My tourist story. When I was on a tour boat in St Thomas, I found an uncrowded spot to take some shots. Before I could react, a couple came close to me and sprayed each other with sunscreen. I guess they didn't notice my D300 with my 24-70 F/2.8 lens.
Bob, this is absolutely beautiful! The over all lighting and back light on the sails is just awesome. Definitely a special image, hang it! But straighten the horizon before you do, it slopes to the right.
Charlie thank for your comments. I used the left hand horizon to straighten the image and that part is flat. perhaps if you use the right side it may give a different answer. As an old Air force man I can still appreciate a great tall ship. I have not had your interesting experience with ships though. It was the first time I sailed on one. As far as TSA only at the airport leaving and returning to San Francisco. The tour started in Verona and the ship left from Venice. It has been a long time since I went to Alaska and when I did it was part land part ship. I have never done it driving myself. I do like car trips though as I get to control the agenda.
Bob, Just to be clear... The Alaska Marine Highway is a system of ferries. I boarded mine at Bellingham, WA. Scheduling late, I was only able to spend time in Ketchikan, but with my car. Having my car there made all the difference. If I had been on a cruise ship, I would have had a couple hours to look at/for Black Bears & Bald Eagles. Of course the time available to cruise ships wasn't close to the optimum time to see the Black Bears.
Got to see a spectacular sunset from a location & time not available to cruise ships.

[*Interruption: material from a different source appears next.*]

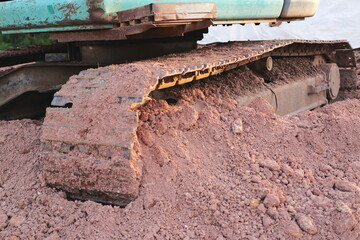 Fototapeta premium Excavator tracks in sand construction site equipment outdoor close-up machinery impact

All this in the company of locals. I could only get a 4 person "stateroom" for just myself. I would love to see the 4 people that could survive each other in that small space. These ferries are not luxurious. Some people just sleep in lounge chairs, some pitch tents on deck. It was a blast for me.

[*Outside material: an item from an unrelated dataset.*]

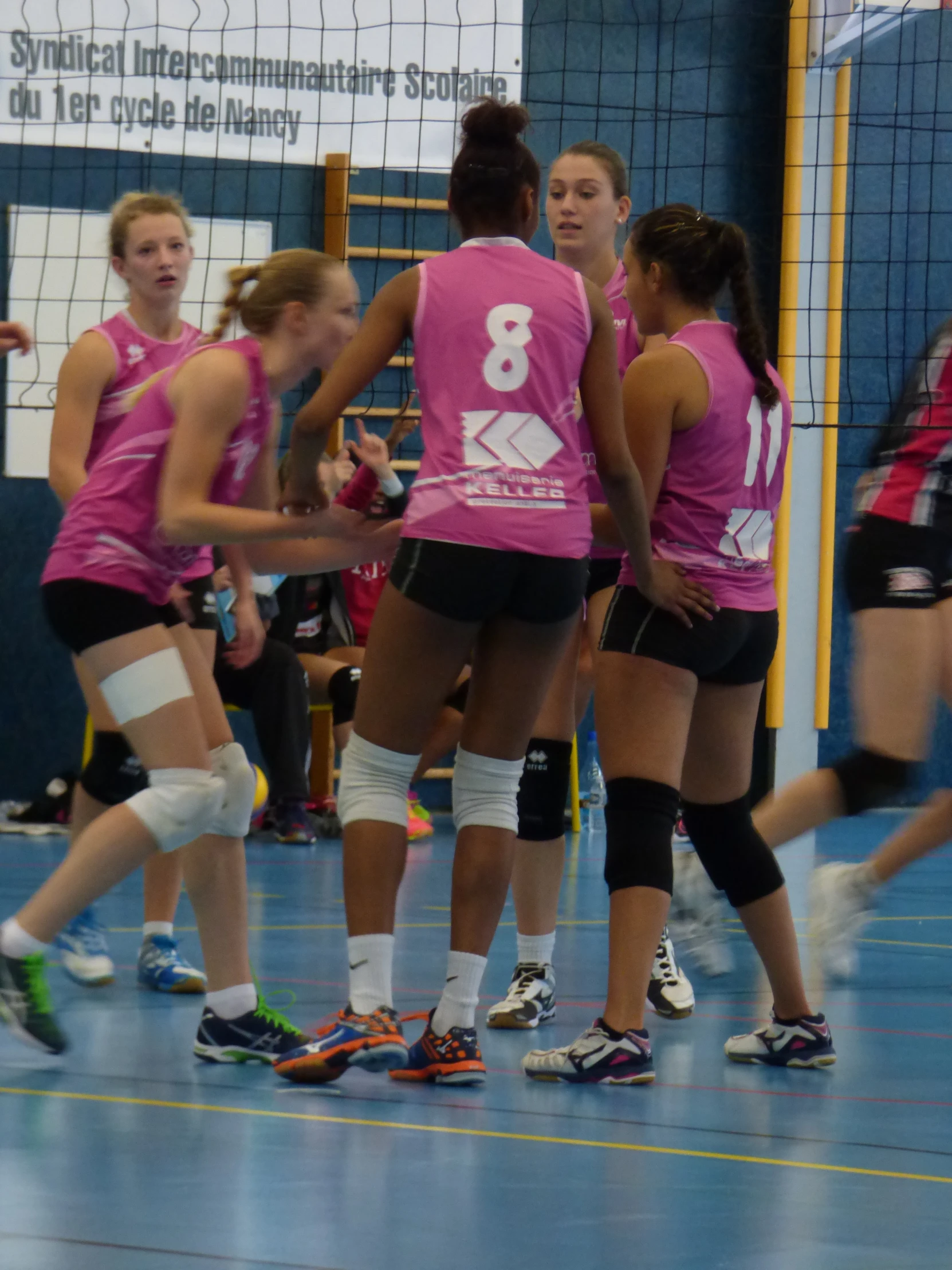 volleyball players huddle and talk on the court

Charlie thanks you for the updated info. If I head back that way, I will investigate this option, as it sounds like a great way to go. I am NOT a big fan of large cruise ships. In fact even the Royal Clipper with 270 passengers was too many people for me.
I did a number of things to bring out the best in the image. My usual routine is to check my selection of Picture Control and white balance, set B&W points, check contrast, capture sharpen and then look at the image for selective enhancements. In this case I added a polarization filter, lightened up the left of the ship a bit, both with a color control point and reflector effects, straightened the horizon (I just rechecked that and it was right on), used a variable ND filter to darken the sky slightly, but not much and then did a final sharpening. I tend to work on my images one at a time. I do not batch my processing as I don't believe in formula type processing, as I feel each image needs a careful review of what is right and wrong with the image and only selective processing is going to bring out the best and suppress the worst in an image. I also sometimes will play with an image using a variety of tools if I am trying to achieve some special look to enhance the drama of an image, though that I not often. I usually spend about 5 to 10 minutes max per image, usually closer to the 5 rather than the 10. If I have to make a trip to Photoshop then I am on the 10+ side of things.